[Dataset entries]
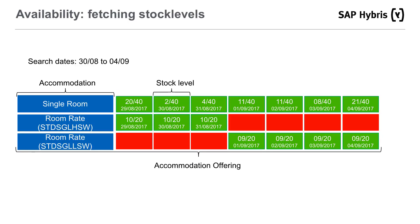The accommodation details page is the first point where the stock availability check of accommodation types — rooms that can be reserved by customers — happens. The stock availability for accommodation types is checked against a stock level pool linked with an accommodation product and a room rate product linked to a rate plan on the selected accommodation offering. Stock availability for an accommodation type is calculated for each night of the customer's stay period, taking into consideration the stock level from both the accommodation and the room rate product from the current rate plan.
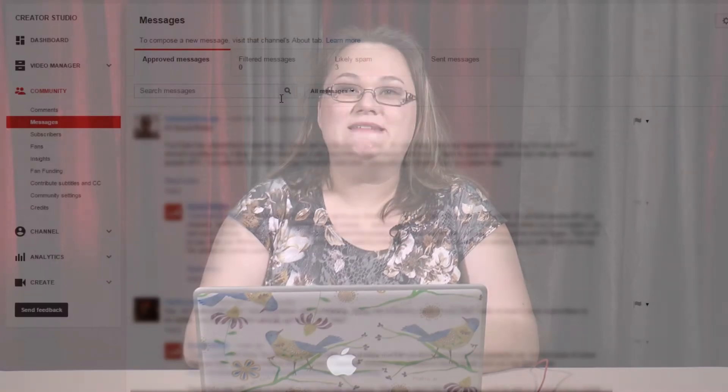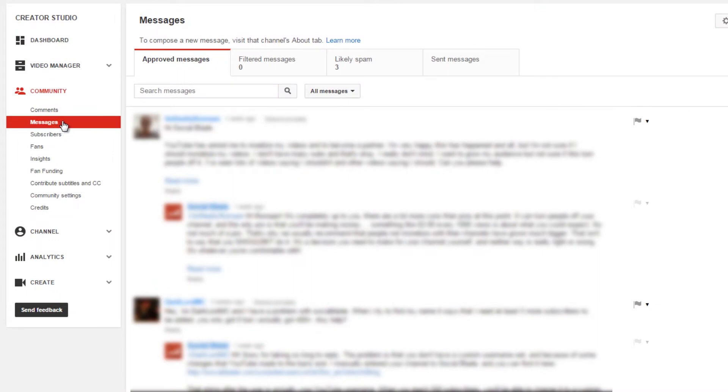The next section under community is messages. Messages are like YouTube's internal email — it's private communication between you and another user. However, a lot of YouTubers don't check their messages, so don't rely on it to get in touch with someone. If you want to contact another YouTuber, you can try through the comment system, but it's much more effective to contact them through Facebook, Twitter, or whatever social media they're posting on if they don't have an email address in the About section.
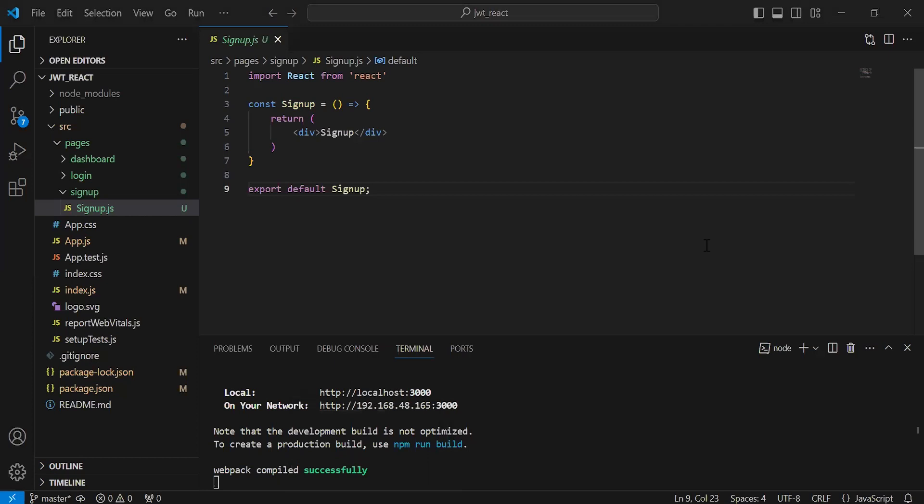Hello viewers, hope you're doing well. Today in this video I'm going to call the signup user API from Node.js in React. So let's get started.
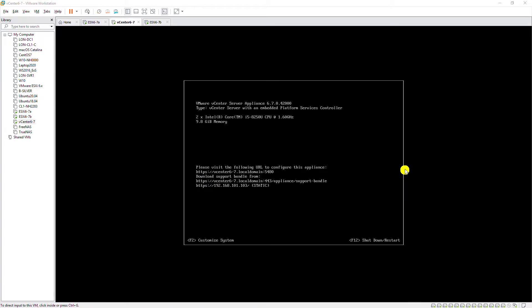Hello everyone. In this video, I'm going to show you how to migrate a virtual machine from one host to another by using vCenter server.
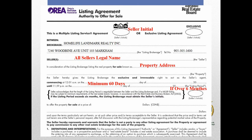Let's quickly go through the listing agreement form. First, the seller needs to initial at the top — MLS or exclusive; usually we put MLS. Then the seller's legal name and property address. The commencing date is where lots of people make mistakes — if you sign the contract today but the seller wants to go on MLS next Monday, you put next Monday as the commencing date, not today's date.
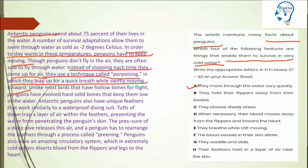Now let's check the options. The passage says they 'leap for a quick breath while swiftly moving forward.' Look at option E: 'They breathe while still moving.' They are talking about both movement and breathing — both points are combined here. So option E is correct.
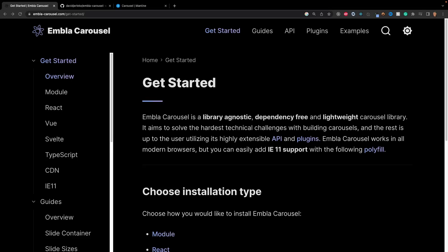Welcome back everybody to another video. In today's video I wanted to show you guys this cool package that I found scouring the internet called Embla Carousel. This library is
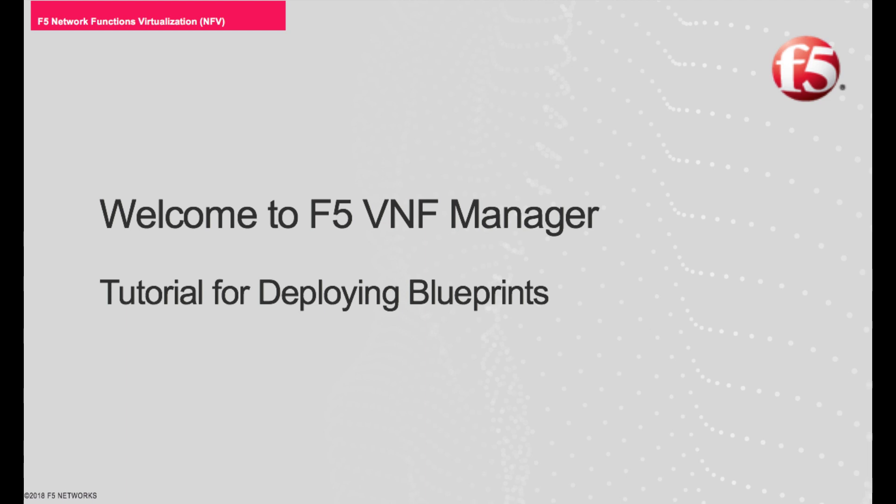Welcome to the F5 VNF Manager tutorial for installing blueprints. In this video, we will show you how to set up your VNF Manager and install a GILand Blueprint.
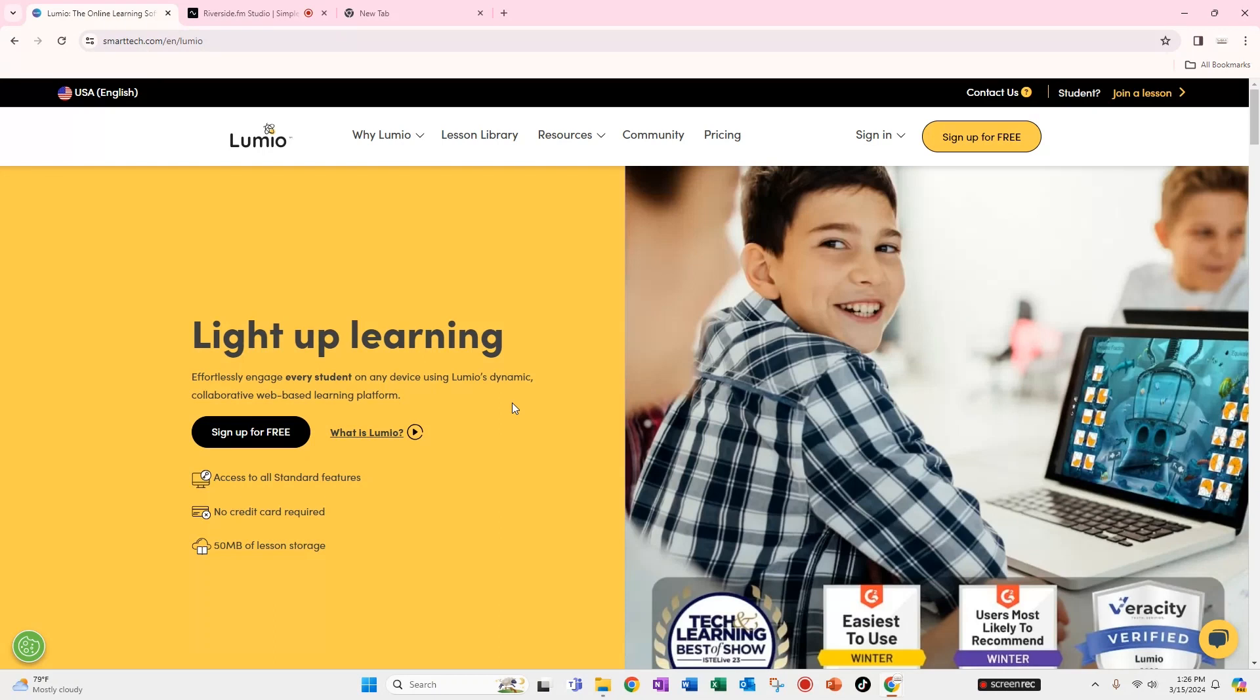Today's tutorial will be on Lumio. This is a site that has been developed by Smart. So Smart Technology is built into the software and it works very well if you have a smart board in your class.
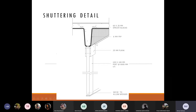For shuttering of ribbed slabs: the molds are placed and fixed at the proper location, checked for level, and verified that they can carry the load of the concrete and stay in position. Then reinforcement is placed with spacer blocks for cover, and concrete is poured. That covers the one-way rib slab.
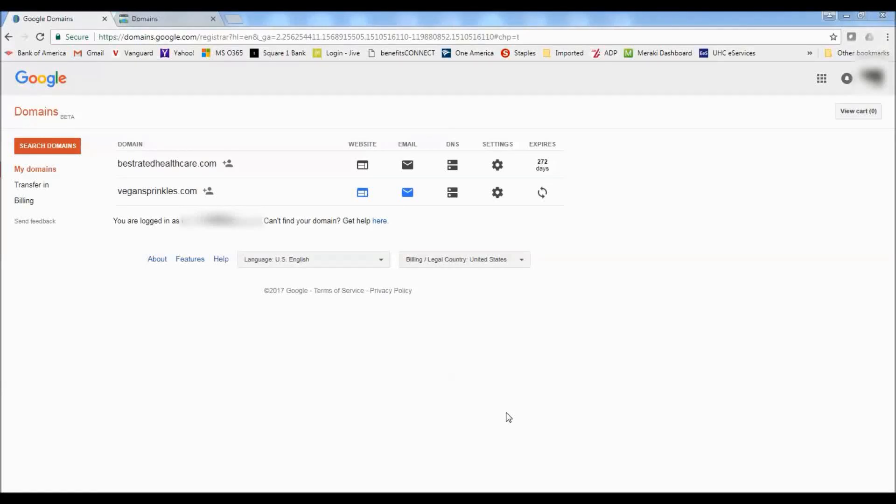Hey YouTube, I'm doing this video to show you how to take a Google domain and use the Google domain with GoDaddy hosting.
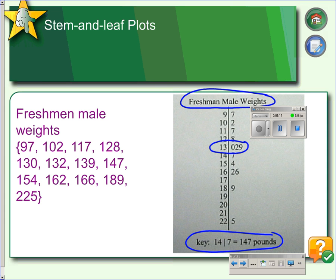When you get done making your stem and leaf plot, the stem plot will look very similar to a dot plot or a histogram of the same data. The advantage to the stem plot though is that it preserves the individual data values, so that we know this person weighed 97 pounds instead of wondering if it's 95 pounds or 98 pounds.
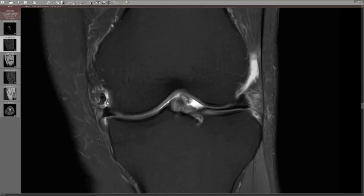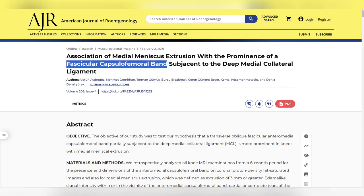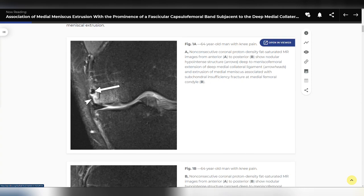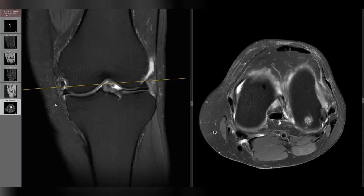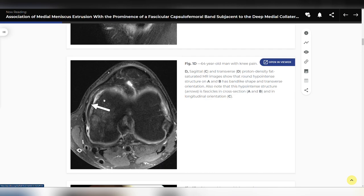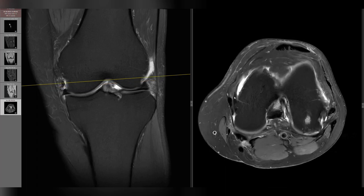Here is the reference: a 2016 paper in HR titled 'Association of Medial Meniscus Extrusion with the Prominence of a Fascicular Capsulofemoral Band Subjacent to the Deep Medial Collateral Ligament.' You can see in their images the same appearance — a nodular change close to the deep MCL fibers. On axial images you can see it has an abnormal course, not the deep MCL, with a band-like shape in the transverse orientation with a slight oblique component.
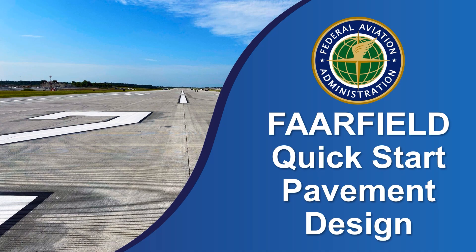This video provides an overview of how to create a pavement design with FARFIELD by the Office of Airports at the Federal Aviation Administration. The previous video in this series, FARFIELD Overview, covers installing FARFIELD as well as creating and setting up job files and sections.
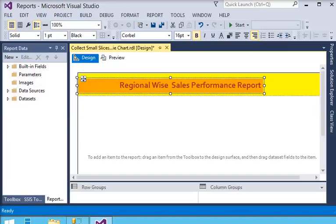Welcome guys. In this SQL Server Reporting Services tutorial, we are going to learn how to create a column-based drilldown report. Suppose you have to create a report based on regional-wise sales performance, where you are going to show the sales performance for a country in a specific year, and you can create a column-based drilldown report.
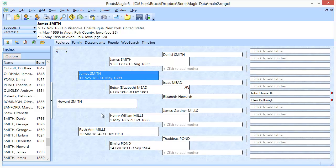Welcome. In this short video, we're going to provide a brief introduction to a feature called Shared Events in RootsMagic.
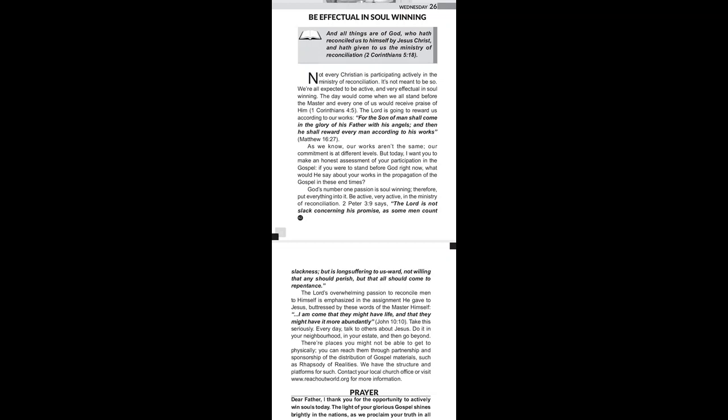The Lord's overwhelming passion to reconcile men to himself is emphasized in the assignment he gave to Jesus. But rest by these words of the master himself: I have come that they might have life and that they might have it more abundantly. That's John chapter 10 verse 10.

◆ **The task**
Make an exact copy of the records above, one that has none of the pictures.

◆ **Solution**
The accommodation details page is the first point where the stock availability check of accommodation types — rooms that can be reserved by customers — happens. The stock availability for accommodation types is checked against a stock level pool linked with an accommodation product and a room rate product linked to a rate plan on the selected accommodation offering. Stock availability for an accommodation type is calculated for each night of the customer's stay period, taking into consideration the stock level from both the accommodation and the room rate product from the current rate plan.
The next section under community is messages. Messages are like YouTube's internal email — it's private communication between you and another user. However, a lot of YouTubers don't check their messages, so don't rely on it to get in touch with someone. If you want to contact another YouTuber, you can try through the comment system, but it's much more effective to contact them through Facebook, Twitter, or whatever social media they're posting on if they don't have an email address in the About section.
Hello viewers, hope you're doing well. Today in this video I'm going to call the signup user API from Node.js in React. So let's get started.
Hello everyone. In this video, I'm going to show you how to migrate a virtual machine from one host to another by using vCenter server.
Let's quickly go through the listing agreement form. First, the seller needs to initial at the top — MLS or exclusive; usually we put MLS. Then the seller's legal name and property address. The commencing date is where lots of people make mistakes — if you sign the contract today but the seller wants to go on MLS next Monday, you put next Monday as the commencing date, not today's date.
Now let's check the options. The passage says they 'leap for a quick breath while swiftly moving forward.' Look at option E: 'They breathe while still moving.' They are talking about both movement and breathing — both points are combined here. So option E is correct.
Welcome back everybody to another video. In today's video I wanted to show you guys this cool package that I found scouring the internet called Embla Carousel. This library is
Welcome to the F5 VNF Manager tutorial for installing blueprints. In this video, we will show you how to set up your VNF Manager and install a GILand Blueprint.
Today's tutorial will be on Lumio. This is a site that has been developed by Smart. So Smart Technology is built into the software and it works very well if you have a smart board in your class.
For shuttering of ribbed slabs: the molds are placed and fixed at the proper location, checked for level, and verified that they can carry the load of the concrete and stay in position. Then reinforcement is placed with spacer blocks for cover, and concrete is poured. That covers the one-way rib slab.
Hey YouTube, I'm doing this video to show you how to take a Google domain and use the Google domain with GoDaddy hosting.
When you get done making your stem and leaf plot, the stem plot will look very similar to a dot plot or a histogram of the same data. The advantage to the stem plot though is that it preserves the individual data values, so that we know this person weighed 97 pounds instead of wondering if it's 95 pounds or 98 pounds.
Here is the reference: a 2016 paper in HR titled 'Association of Medial Meniscus Extrusion with the Prominence of a Fascicular Capsulofemoral Band Subjacent to the Deep Medial Collateral Ligament.' You can see in their images the same appearance — a nodular change close to the deep MCL fibers. On axial images you can see it has an abnormal course, not the deep MCL, with a band-like shape in the transverse orientation with a slight oblique component.
This video provides an overview of how to create a pavement design with FARFIELD by the Office of Airports at the Federal Aviation Administration. The previous video in this series, FARFIELD Overview, covers installing FARFIELD as well as creating and setting up job files and sections.
Welcome guys. In this SQL Server Reporting Services tutorial, we are going to learn how to create a column-based drilldown report. Suppose you have to create a report based on regional-wise sales performance, where you are going to show the sales performance for a country in a specific year, and you can create a column-based drilldown report.
Welcome. In this short video, we're going to provide a brief introduction to a feature called Shared Events in RootsMagic.
The Lord's overwhelming passion to reconcile men to himself is emphasized in the assignment he gave to Jesus. But rest by these words of the master himself: I have come that they might have life and that they might have it more abundantly. That's John chapter 10 verse 10.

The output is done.